The company which caters to 27 per cent of the British population is under a 14 billion pound debt. It has been heavily criticized over its ‘five-year high leakage rate’ and a series of sewage contamination alongside mounting bills for the public. It has also faced public scrutiny over handing out big bonuses to bosses and shareholders.
On June 27, Thames Water CEO, Sarah Bently stepped down with immediate effect and forgo her bonus over the company’s handling of sewage pills. Despite her payout, her total earnings still racked up to £1.5 million.
In 2022, water companies in England alone released raw sewage into rivers and the sea 301,091 times, an average of 825 times a day according to data from the Environment Agency.
Thames Water is owned by a number of pension funds and sovereign wealth investors including the BT pension scheme, the Canadian funds Omers and British Columbia Investment Management Corporation, the China Investment Corporation and the UK lecturers’ pension fund USS.
Australian bank Macquarie, its former owner was accused of asset stripping as it extracted billions in shareholder dividends while Thame’s debt soared.
The company is now in dire need of keeping up with infrastructure and workforce to stop it from collapsing.
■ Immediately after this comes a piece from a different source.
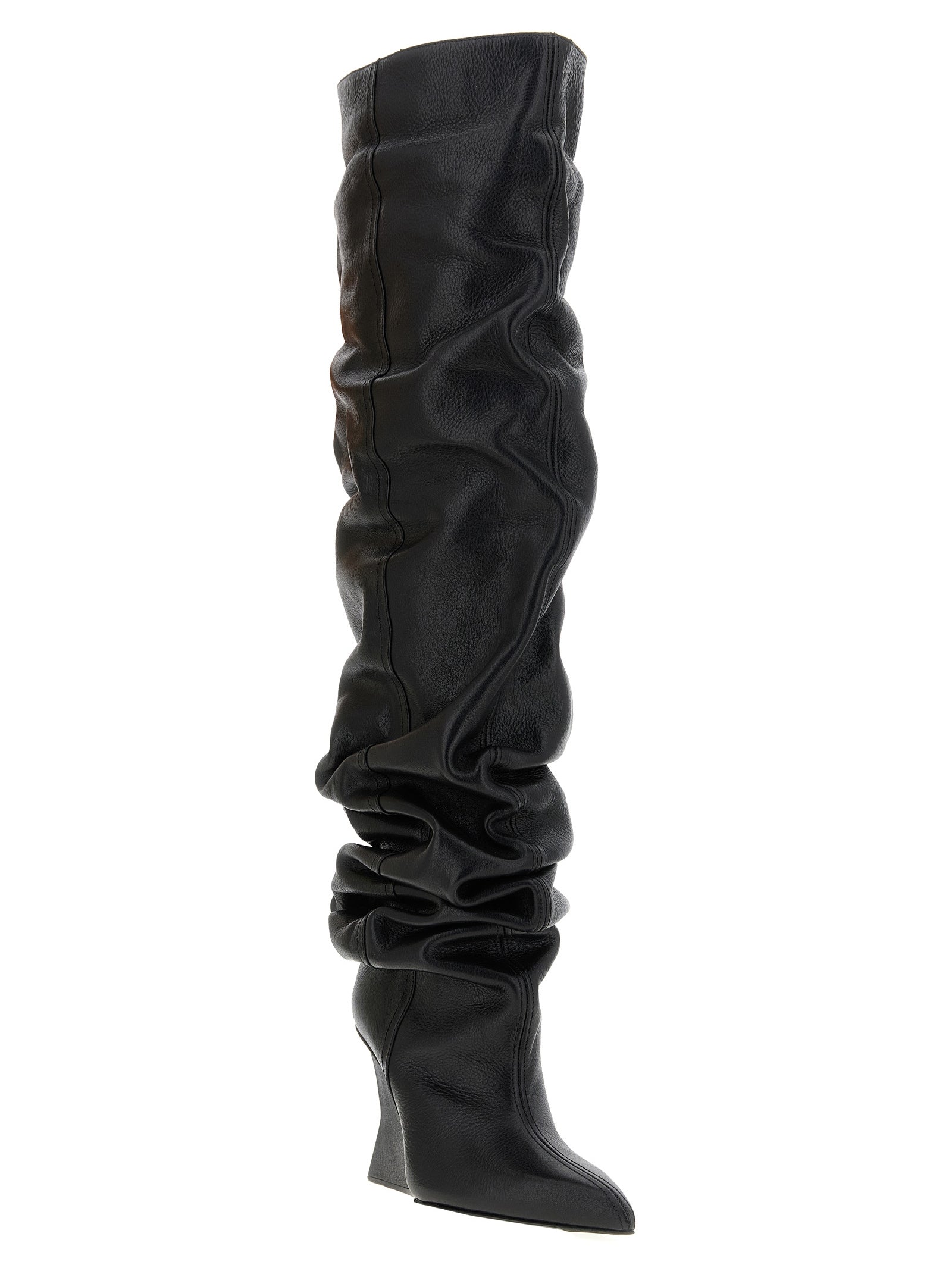 Black Calfskin Over The Knee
It is currently headed by joint interim chief executives - Alastair Cochran and Cathryn Ross.
Henley Mermaid, a clean water campaign group said, “It doesn’t matter much who the chief executive of Thames Water is, it’s the system that is rotten to the core.”
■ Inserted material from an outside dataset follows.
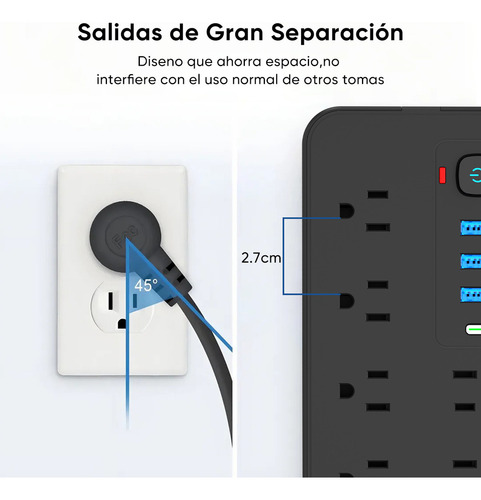 Multicontacto De 8 Tomas Con Usb Color Negro Largo Del Cable De 2m 10a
Speaking to the House of Commons on Wednesday, water minister Rebecca Pow said that the water sector is “financially resilient’ and refused to comment on the situation with Thames Water.
She added that customers “will not be impacted” if the company goes under “and there is a process in place if necessary to move us to the next stage.”
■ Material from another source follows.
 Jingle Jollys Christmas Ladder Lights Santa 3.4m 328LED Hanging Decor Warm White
In 2021, when energy supplier Bulb faced a similar crisis, the government rescued it through the same ‘special administration regime’, continuing to supply gas and electricity to its 1.7 million household customers. It was purchased by rival company Octopus Energy a year later.
It has been reported that water bills in the UK could rise by an average of 25 per cent between 2025-2030. Prices could increase from an average of about £450 to £680, plus inflation, in parts of the country.
Water quality and sewage are set to be big issues for several voters around the country during election season.
Darren Jones, Labour MP who chairs the parliamentary business and trade committed told BBC4’s Today programme, “These companies have been allowed to not invest for the future, even though we know in many ways what we needed them to do for the future, and the regulators have allowed them to get away with it.”
The question still remains, whether the company goes under or the government applies the ‘SAR’ will it be the public that bears the brunt of failed corporate behaviour and poor regulation?